Алеша быстро успокоился, пошел на улицу, вернулся оттуда оживленный. Я встретила его как обычно, ласково, но когда он взял меня за руку, поморщилась:
— Не надо, Алешик, больно.
Он посмотрел на мою руку и как-то смущенно-виновато отвел в сторону глаза.
А вечером папа спросил меня:
— Что у тебя с рукой?
Алеша, сидевший за столом, в смущении и замешательстве наклонился.
— Может быть, Алеша расскажет?
— Нет, я не хочу,— заявил Алеша.
Тогда я вкратце рассказала, как было дело. Папа очень огорчился и возмутился:
— Мы не позволим, чтоб у нас такое в семье происходило. Я предлагаю удалить его из-за стола за такие вещи. Ты как думаешь, мама?

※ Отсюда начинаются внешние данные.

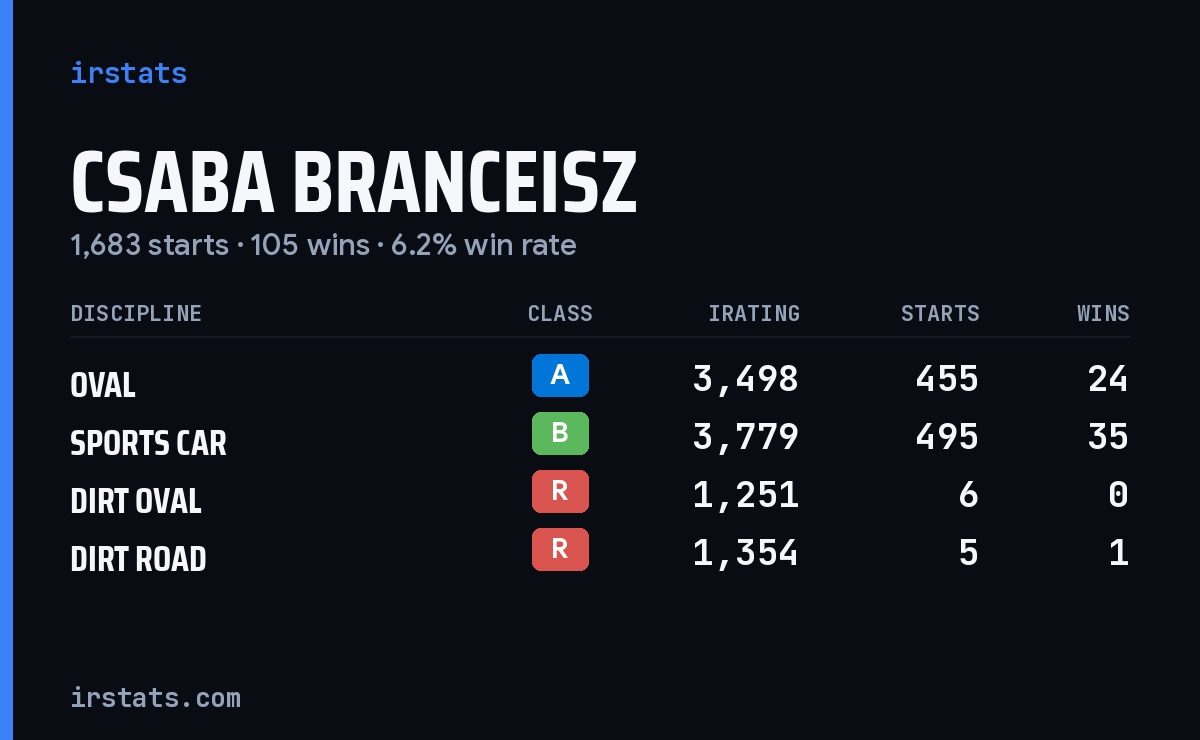 Loading... iRacing stats card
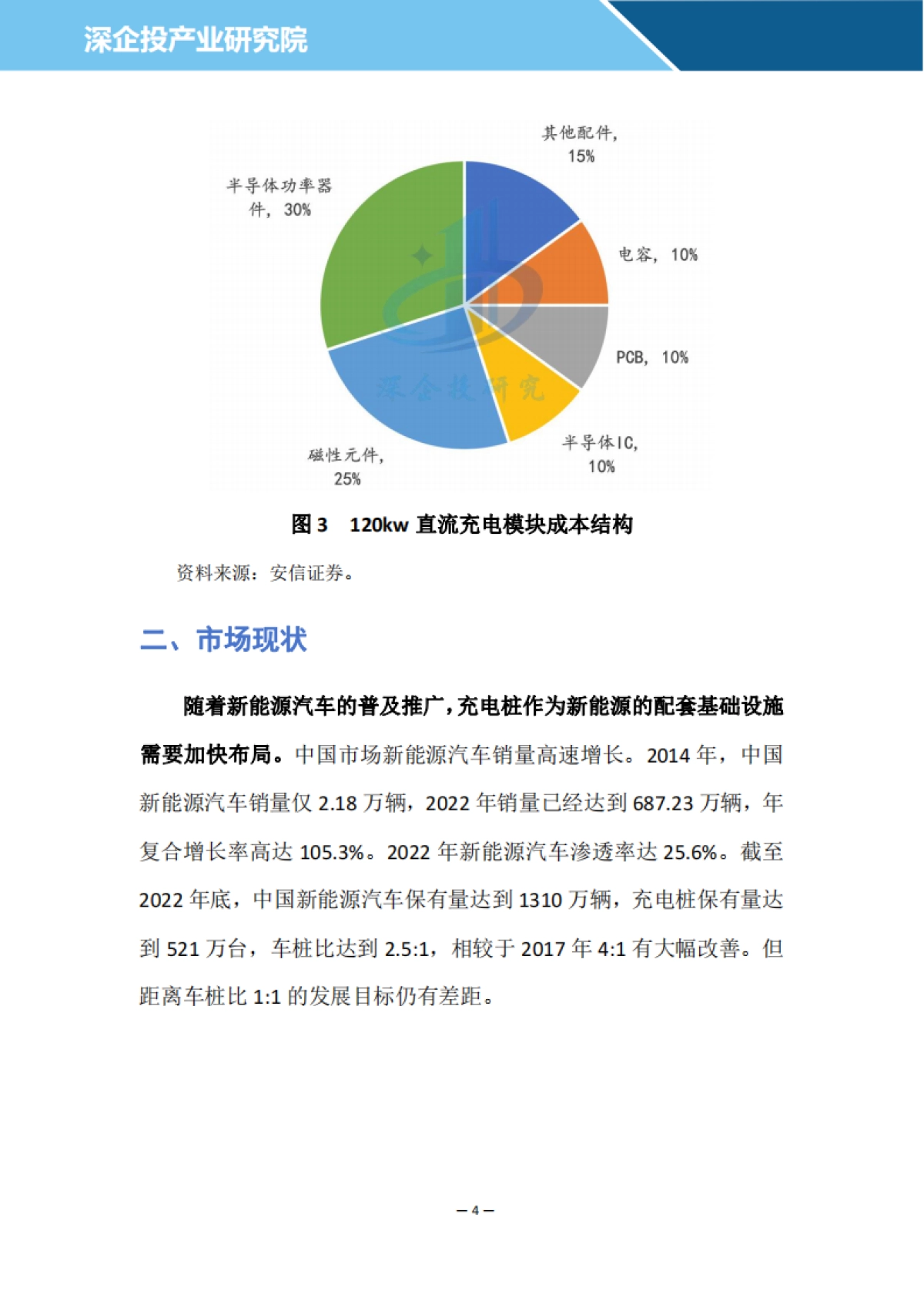 2024充电桩行业研究报告_第6页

Я, поколебавшись, согласилась. Алеша расплакался в комнате, ревел громко, но недолго.
— Пап, я приду-умал…
— Что ж ты придумал?
— Не делать так больше…— почти спокойно уже сказал Алеша.
— Ну вот,— решительно заявил папа,— когда не будешь, тогда и будешь с нами есть, а сегодня сделал, значит, и есть не будешь. Алеша разревелся с новой силой:
— А я хочу есть, не могу терпеть!
— А мы хотим, чтоб у нас таких вещей не было!
Эти две фразы были повторены несколько раз (по-моему, зря папа повторял одно и то же).
Наконец Алеша протянул:
— А я вам спать не дам до утра.
Папа вынес его из комнаты в мастерскую:
— Мы не хотим, чтоб ты мешал нам спать, вот и сиди один тут.
— Нет, я не буду так делать,— поспешно решил Алешик.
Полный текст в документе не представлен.